Comparative Analysis of GPT-4 and Human Graders in Evaluating Praise Given to Students in Synthetic Dialogues

from arxiv, 12 pages Workshop paper, The 24th International Conference on Artificial Intelligence in Education, AIED 2023 Educational Dialogue Act Classification, Large Language Models, Tutor Training

Research suggests that providing specific and timely feedback to human tutors enhances their performance. However, it presents challenges due to the time-consuming nature of assessing tutor performance by human evaluators. Large language models, such as the AI-chatbot ChatGPT, hold potential for offering constructive feedback to tutors in practical settings. Nevertheless, the accuracy of AI-generated feedback remains uncertain, with scant research investigating the ability of models like ChatGPT to deliver effective feedback. In this work-in-progress, we evaluate 30 dialogues generated by GPT-4 in a tutor-student setting.
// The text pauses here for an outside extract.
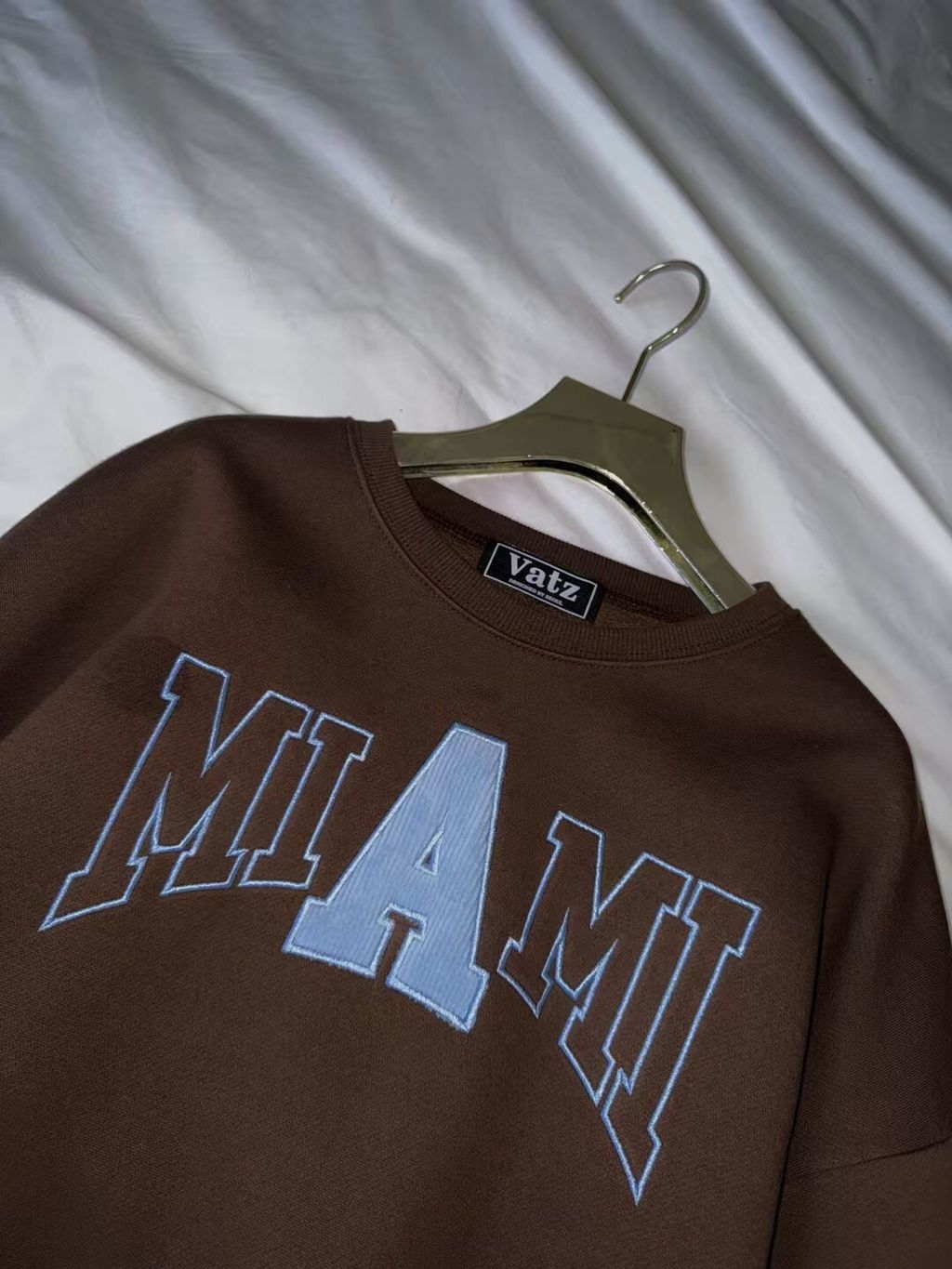 27355cc8d11e4ab302d319835b610d2c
We use two different prompting approaches, the zero-shot chain of thought and the few-shot chain of thought, to identify specific components of effective praise based on five criteria. These approaches are then compared to the results of human graders for accuracy. Our goal is to assess the extent to which GPT-4 can accurately identify each praise criterion. We found that both zero-shot and few-shot chain of thought approaches yield comparable results. GPT-4 performs moderately well in identifying instances when the tutor offers specific and immediate praise. However, GPT-4 underperforms in identifying the tutor's ability to deliver sincere praise, particularly in the zero-shot prompting scenario where examples of sincere tutor praise statements were not provided. Future work will focus on enhancing prompt engineering, developing a more general tutoring rubric, and evaluating our method using real-life tutoring dialogues.
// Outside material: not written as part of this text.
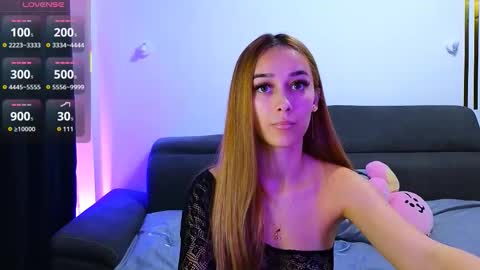 Snapshot of amykentt chatting on November 24, 4:18 pm amykentt online show from November 24, 4:18 pm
翻译：研究表明，向人类导师提供具体且及时的反馈有助于提升其教学表现。然而，由于人类评估者评估导师表现耗时较长，这一过程面临挑战。大型语言模型（如AI聊天机器人ChatGPT）在实际场景中具有为导师提供建设性反馈的潜力。不过，AI生成反馈的准确性仍不确定，关于ChatGPT等模型提供有效反馈能力的研究尚不充分。在这项进行中的工作中，我们评估了GPT-4生成的30段师生对话。采用零样本思维链与少样本思维链两种提示方法，基于五个标准识别有效表扬的具体构成要素。随后将这些方法的结果与人类评分者进行准确性比较。我们的目标是评估GPT-4在多大程度上能准确识别每个表扬标准。研究发现零样本与少样本思维链方法结果相近：GPT-4在识别导师提供具体与即时表扬的实例时表现中等，但在识别导师传达真诚表扬的能力上表现不足——尤其在未提供导师真诚表扬范例的零样本提示场景中。未来工作将聚焦于优化提示工程、制定更通用的教学评价框架，并使用真实教学对话评估本方法。